Figure 7. Implication of HRM-mediated VEGF desuppression in tumorigenesis.

(A–C) Mammary fat pads of SCID mice were implanted with 5 × 10⁵ MDA-MB-231 human breast cancer cells. After 4 weeks, mice were killed and tumors were harvested. Core regions of necrotic tumors and distal areas shown in A were collected for detection of miRNAs (B) and AGO1 protein (C).
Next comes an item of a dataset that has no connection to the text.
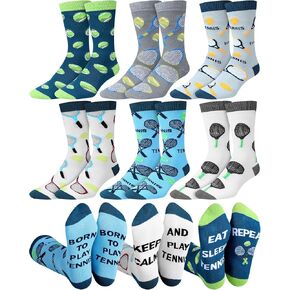 Patelai 6 Pairs Funny Tennis Socks Tennis Gift for Men Novelty Casual Cotton Crew Socks for Tennis Lover Christmas Birthday Gifts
Scale bar: 2 mm. (B) Specimens collected from 10 animals were pooled into 4 samples (each containing 2 or 3 specimens as indicated) for miRNA qPCR. Bars represent the ratio of miRNA level in the core relative to that in the distal region. (C) Representative images of Western blot analysis with samples from individual mice. (D) Levels of Let-7e and miR-103 was detected in paired normal (N) and tumor (T) tissues, and the T/N expression ratio was calculated. (E and F) Representative IHC staining of AGO1, VEGF, CD31, and ISH of Let-7e and miR-103 in serial sections from patients with AGO1 high/VEGF low (E) and AGO1 low/VEGF high expression patterns (F). Scale bar: 200 μm (×100); 100 μm (×400). Yellow arrowheads indicate the location of microvessels. (G and H) Kaplan-Meier analysis of disease-free (G) and overall survival (H) for 173 HCC patients, stratified by AGO1 and VEGF expression.